• _What to do_
Without the pictures, return each record as it appears.
──────────────────────────────
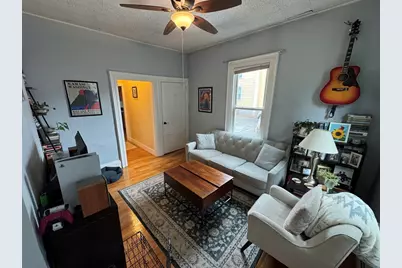 12 Claremon St #1, Somerville, MA 02144 - Photo 1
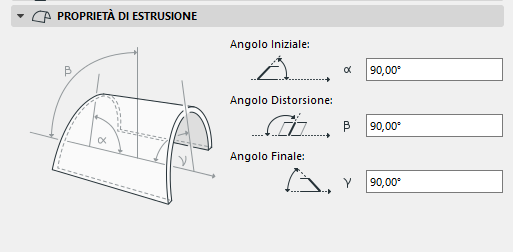 ExtrusionProperties.png
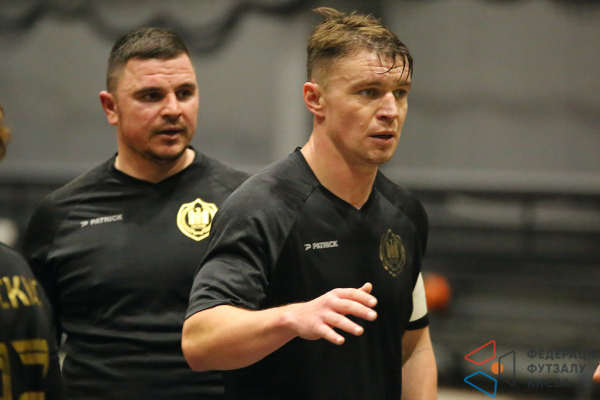 KLO-Десна-2 - Skif Brovary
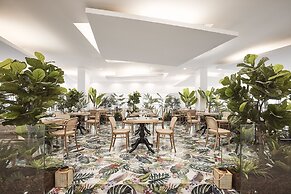 Michelangelo Resort and Spa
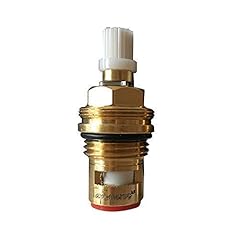 Franke triflow corinthian for sale  Delivered anywhere in UK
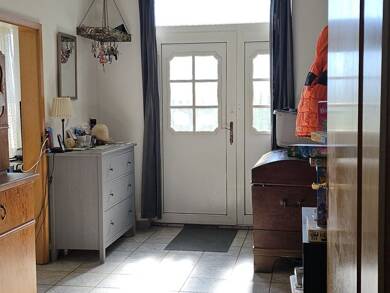 Bauernhaus zum Kauf 700.000 € 5 Zimmer 180 m² 13.000 m² Grundstück Schülp 24589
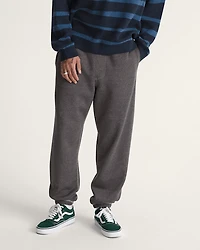 Vans 66 Sweatpants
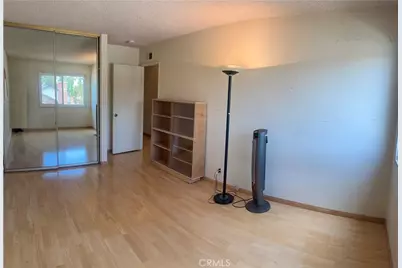 19003 Vickie Avenue, Cerritos, CA 90703 - Photo 33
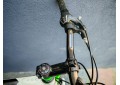 Бу Велосипед Ks Cycling disk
──────────────────────────────
• _Task solution_
 12 Claremon St #1, Somerville, MA 02144 - Photo 1
 ExtrusionProperties.png
 KLO-Десна-2 - Skif Brovary
 Michelangelo Resort and Spa
 Franke triflow corinthian for sale  Delivered anywhere in UK
 Bauernhaus zum Kauf 700.000 € 5 Zimmer 180 m² 13.000 m² Grundstück Schülp 24589
 Vans 66 Sweatpants
 19003 Vickie Avenue, Cerritos, CA 90703 - Photo 33
 Бу Велосипед Ks Cycling disk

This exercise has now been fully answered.